No pictures belong in the copy. Reproduce exactly the lines beginning at the line containing "Local en arriendo" and continuing to the end of the entries below.

═══ Information supplied

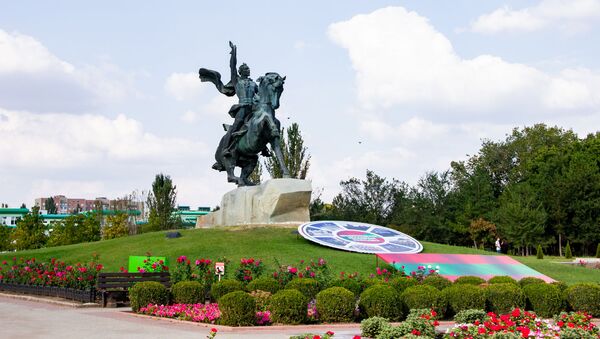 Monumentul lui Suvorov în piața centrală din Tiraspol - Sputnik Moldova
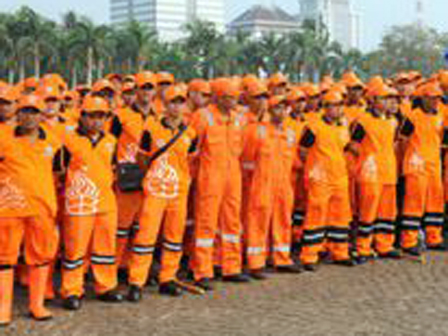 Puluhan PPSU Bongkar Lokbin Pasar Minggu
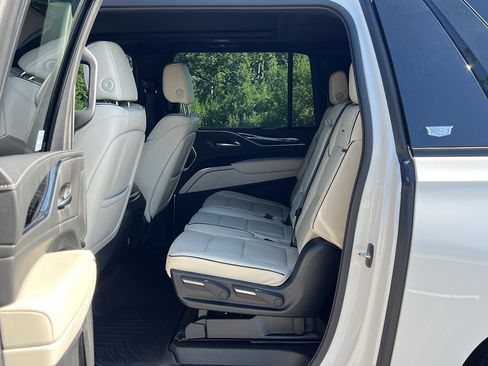 Used 2023 Cadillac Escalade ESV Sport w/ Touring Package AWD/4WD image 35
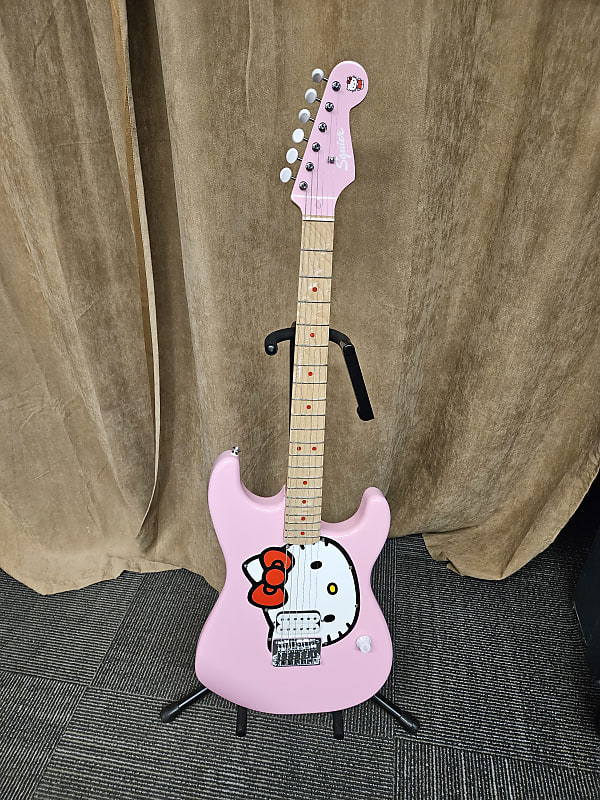 Squier Hello Kitty Stratocaster | Reverb Canada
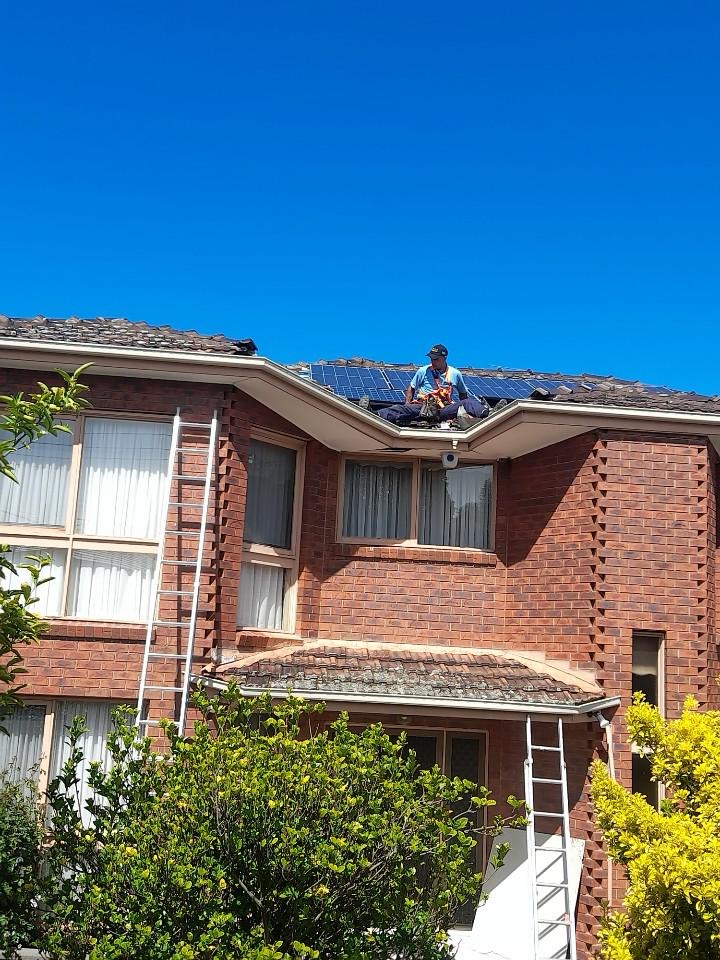 Solar panel install on tile roof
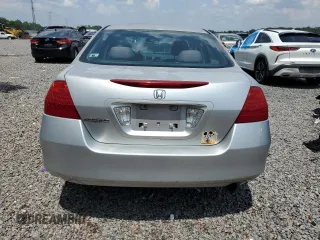 2007 Honda Accord VP z VIN 1HGCM56107A057786, wystawiony jako Copart lot #60634665 z przebiegiem 167 344 mil mil oraz Szkoda całkowita • Salvage title. Historia ofert i sprzedaży dostępna na DreamBid. Obrazek 6.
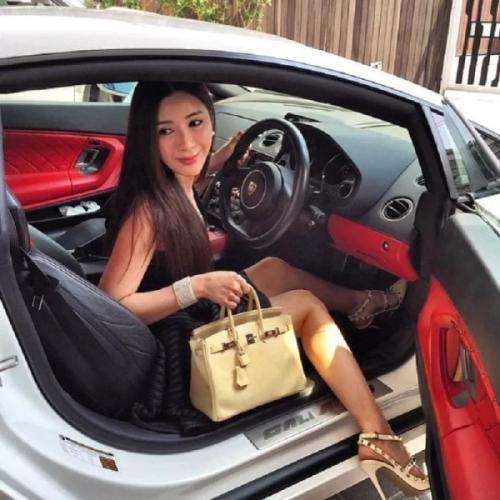 新加坡第一名媛蔡欣颖,女人也可以漂亮地从豪门,小到爱马仕包包,大到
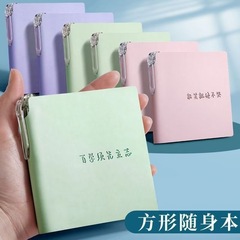 ポケットの四角いノートは携帯して持ち歩いています。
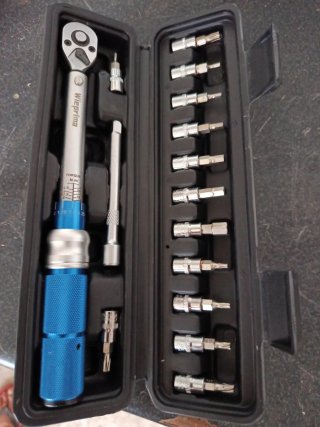Llave dinamométrica con juego de puntas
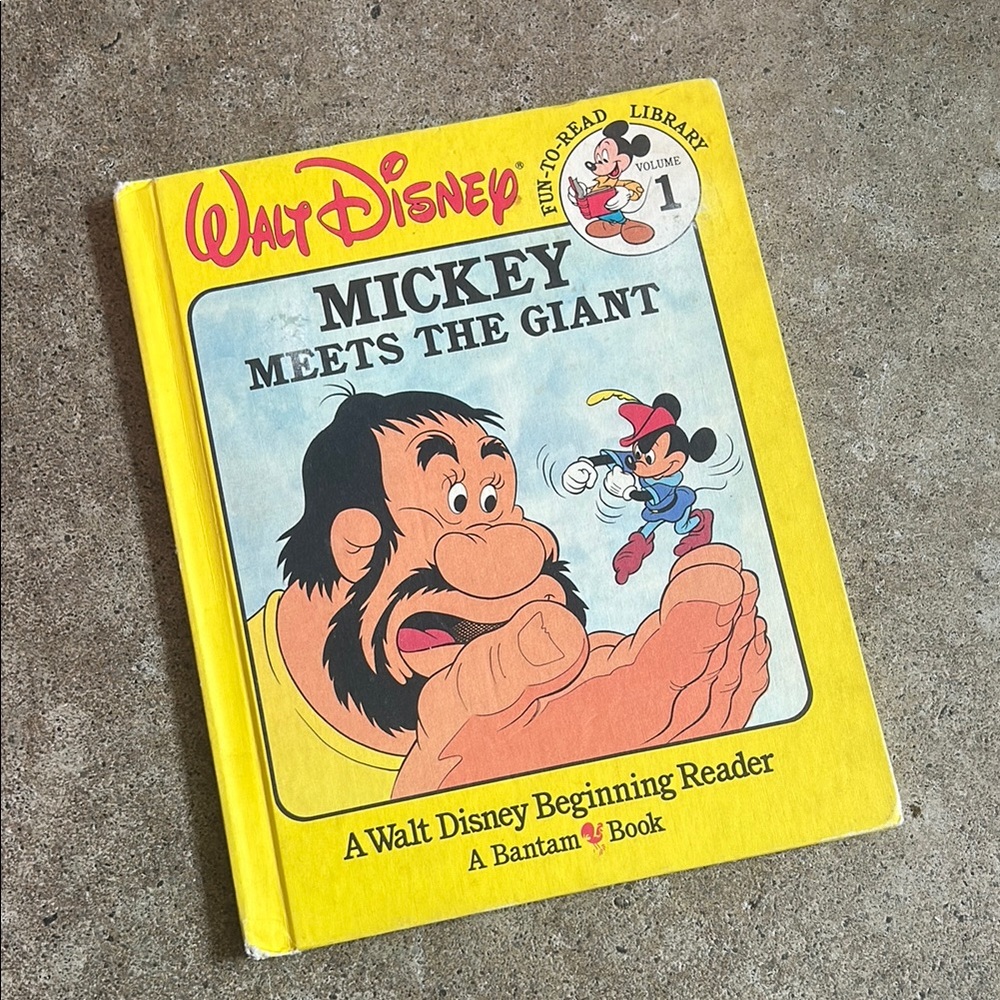 Walt Disney Mickey Meets the Giant Book 1986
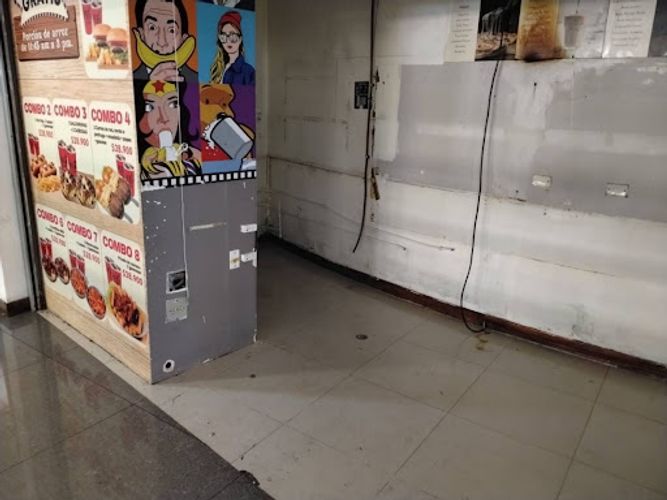 Local en arriendo en Guayaquil, Medellín, 8 m² · foto 2 de 5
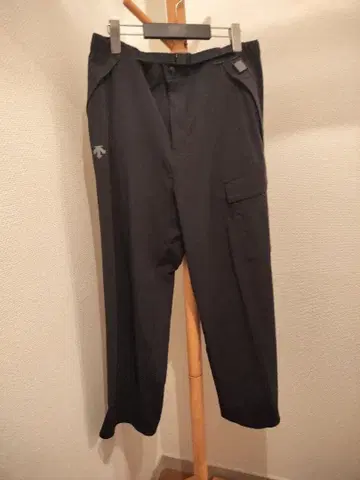 데상트 오르테라인81 블랙 카고 팬츠 CORDURA 새상품급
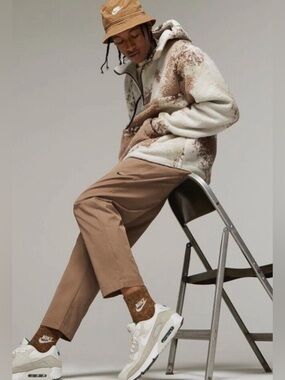 Nike Sportswear Sport Essentials 1/2 Zip Hoodie DD5009-072 Sherpa Fleece X-Large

══════

Your solution:
 Local en arriendo en Guayaquil, Medellín, 8 m² · foto 2 de 5
 데상트 오르테라인81 블랙 카고 팬츠 CORDURA 새상품급
 Nike Sportswear Sport Essentials 1/2 Zip Hoodie DD5009-072 Sherpa Fleece X-Large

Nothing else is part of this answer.